October 12, 2010

Ladies Goodreads: Tuesdays With Morrie

Mitch Albom

Goodreads rating: 3.87 of 5
Mitch Albom rediscovered Morrie Schwartz, his college professor from nearly 20 years ago, in the last months of the older man's life. Knowing he was dying, Morrie visited Mitch in his study every Tuesday, just as they used to back in college. Their rekindled relationship turned into one final "class": lessons in how to live.

What are your thoughts and feelings about this book?
Is there someone you can rediscover and learn from?


  1. Your blog looks great! Nice work ladies! The reading list for the year looks really fun, I might have to follow along. I loved this book, very inspiring. I have his other book....The Five People You Meet in Heaven, I haven't read it though. I might have to read it this month, thanks for the reminder!

  2. I began this book expecting to be disinterested at best. I would much prefer an action novel with a little history, technical or medical input (so I still feel like I'm learning something :O). My initial impression after reading about 1/4th of the book was that it was very depressing. However, by the end of the book I felt differently. I found it provoked questions and evaluation of my own life and situation. It even made me cry toward the end which is unusual for me. Thanks Reese for this book suggestion!

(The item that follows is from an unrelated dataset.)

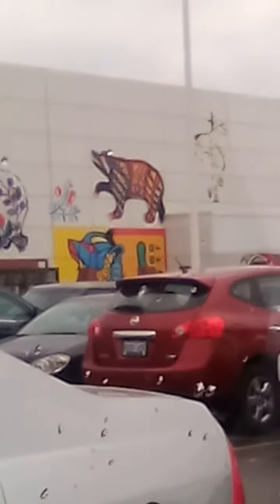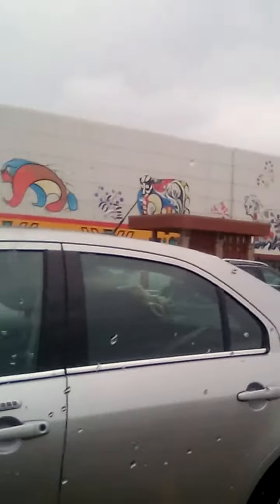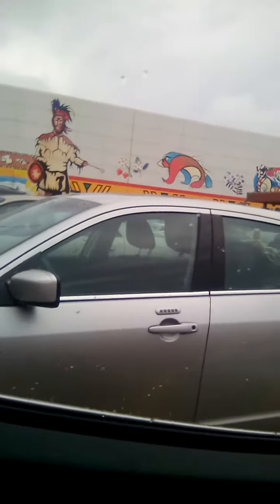Especially that white one and the blue one down there. It's really pretty. That would take them a while to do.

  3. Tuesdays with Morrie was a thought provoking, inspirational story about a Professor who is diagnosed with ALS and even with his illness, he still continues to teach a previous student of his all about LIFE and what's most important to make one truly happy. Normally I'm not a fan of self-help books, but because it is in story-form, it was a much easier book to read and enjoy. We all have to deal with people throughout our lives, and yet many if not all of us need help in improving our communication with our human relationships. By reading AND implementing the teachings of Morrie in our own lives, we can make the most of the time we have left on earth. Isn't that the whole purpose of being here? Thanks to Mitch Albom for sharing his touching story!

  4. Similar to Charyl, I wasn't super excited to read this book for fear it's be slow. However, thanks to book on CD, I was able to listen to it and rather enjoyed hearing the dialogue of the reader and the raspy voiced Morrie--it kind of made Morrie come to life a little for me, since I could hear his voice get worse as I got further along in the recording.

    Overall, Morrie says, "Once you learn how to die, you learn how to live." He feels that life is fleeting to the majority of us who rush around from non-essential task to another and don't pay attention to the simple pleasures and meaningful relationships. Here are a few words of wisdom I gleaned from Morrie that I think we'd all do well to think about...

    Make room for spiritual things.

    Most important thing is to learn how to give and receive love.

    Important to be devoted to something and to give to your community. Satisfaction comes from offering what you have.

    No secure ground on which to stand today if you don’t have family. Love each other or perish.

    I allow a few minutes of worry each day…but no more.

    Learn to detach yourself. If you don’t fully invest, leaving fear behind, then you’ll never understand your emotions enough to detach yourself from the painful ones. Recognize what and how you feel, so you can let go.

    Find out who you are and revel in it. Find meaning in each stage—there’s no need to feel envy or unsatisfied.

    Know what you really need vs. want.

    Be with the person you are with (when in a conversation). Really listen to them, fully.